Kosmosa owned three abutting parcels of land totaling 5.6 acres. Komosa used a portion of this land to grow and harvest hay and submitted an application to the Town seeking c. 61A classification, which among other requirements sets a minimum of five acres of the land to be actively devoted to agricultural or horticultural use. Upon investigation, the assessors determined that only 3.6 acres of Komosa’s land was being used for his hay operation. Based on this, the assessors denied his application for c. 61A classification.

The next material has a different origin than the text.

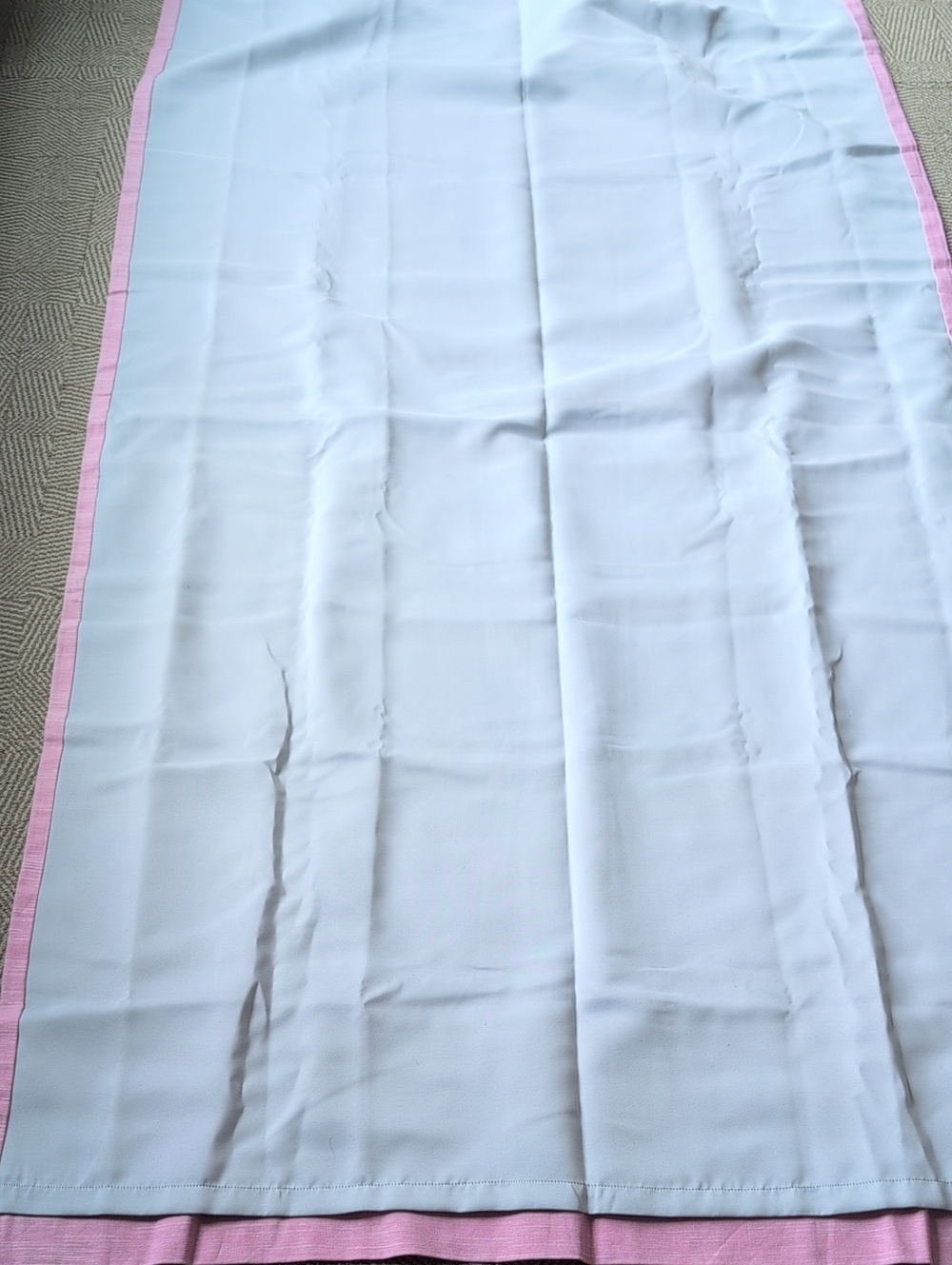 Pottery Barn Kids Evelyn Pink Linen Blend Blackout Curtains Panel Pair 44" x 84" - Picture 11 of 14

Komosa appealed to the tax board, which ruled in favor of the assessors. Komosa appealed the tax board’s decision to the Appeals Court. On appeal, he argued that the statute merely required the land in question to exceed five acres, generate $500 in annual sales, and that some portion of the land be used for agricultural or horticultural. The assessors stuck to their original interpretation of the statute that Komosa was required to prove that at least five acres of his land were “primarily and directly” used for haying or uses reasonably related to haying. The Appeals Court agreed with this latter interpretation, finding that the plain language of the statute requires that a minimum of five acres be actively devoted to an agricultural or horticultural use, or ones reasonably related thereto, to receive c. 61A classification. The assessor’s decision to deny Komosa’s application and the tax board’s ruling were both affirmed.